As I work to clean out her house and must decide what goes where and to whom and what is garbage, I obviously can't help but think about the life Nana lived. And especially today, on Christmas Eve, I can't help but think about all the wonderful gifts, both tangible and intangible, she gave me over the years.
When I was a kid, Nana made many of my clothes and they were appropriately 1970s stylish (and now you know why there aren't too many pics of me from the 1970s on LMS). Each year, however, I'd receive a very special dress for Christmas that she and my mom would have made together. That was no small feat, considering we lived in Chicago and Nana lived in Florida. The dresses were exquisitely sewn and always fit me to a T. My favorite a red velvet knee length dress with a white lace bib. I can still remember wearing it and feeling like the prettiest girl in the world (with a horrible Dorothy Hamill haircut).

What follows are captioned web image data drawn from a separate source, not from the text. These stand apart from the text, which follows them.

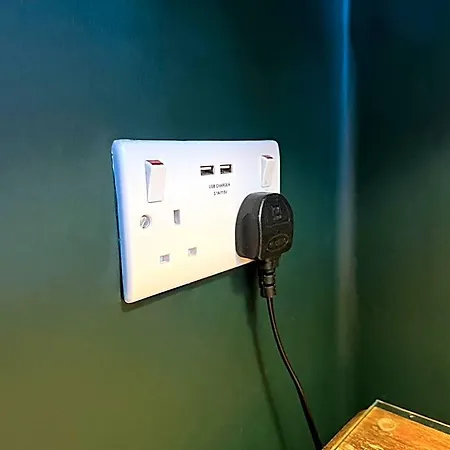 Kirkwood Guest House, Free Parking, Electric Car Point Guest house
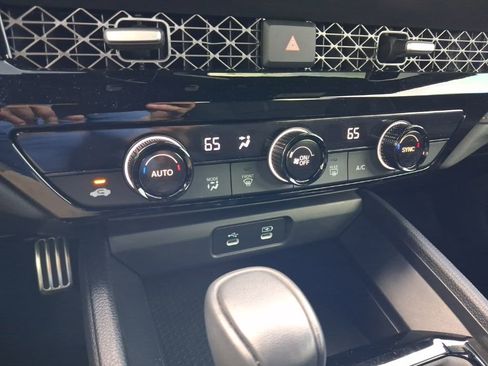 Used 2023 Honda Accord Sport image 25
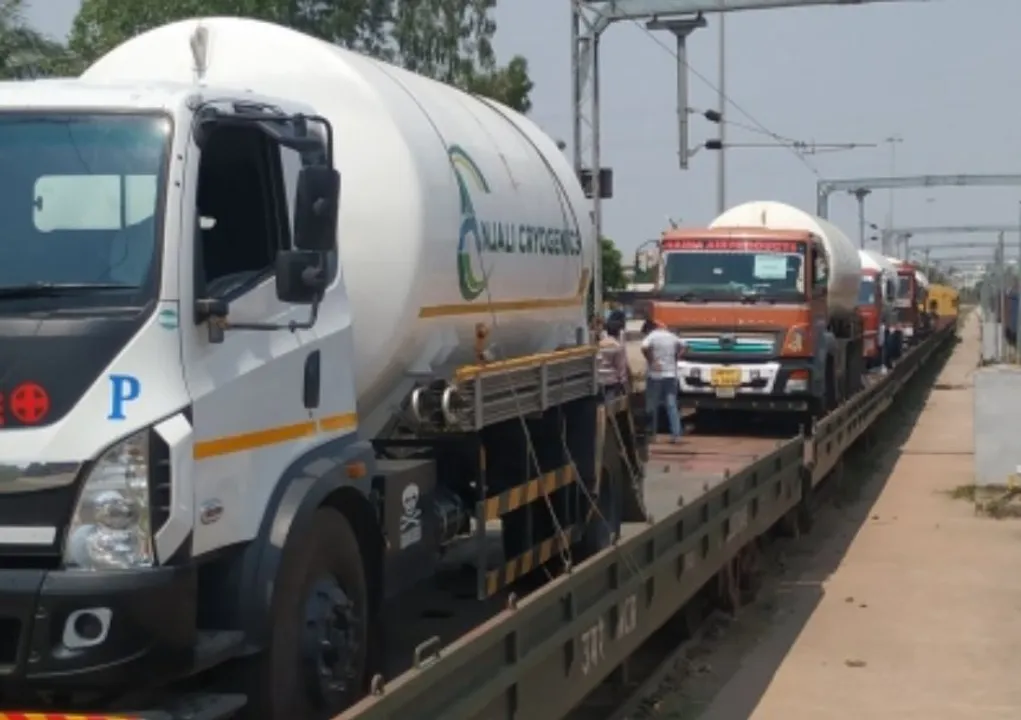 First Oxygen Express reaches Hyderabad from Odisha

A number of years later, either while I was in college or shortly after I graduated and was living in Washington DC, we were celebrating Christmas in Batesville, MS with all the extended family. All of Nana's sisters were there and all of their kids, grandkids, and maybe even a great-grandkid. There must have been 50 or more of us. Anyway, we were sitting around the tree on Christmas morning and everyone was opening their gifts. Nana handed Mom, Dave, and me each an envelope and when we opened it, we discovered that she had given each of us our own cemetery plot in Batesville, Mississippi! On top of that, she had also purchased one for my dad. Even though my parents had been divorced for 10 years or so, clearly indicating they didn't want to be together during this lifetime, she seemed to believe they wanted to spend eternity lying next to each other. I love her optimism. Unfortunately, none of us wants to be buried in Batesville (I plan to be cremated and have my ashes turned into diamonds and distributed to my loved ones. Yes, you're on the list. You're welcome.)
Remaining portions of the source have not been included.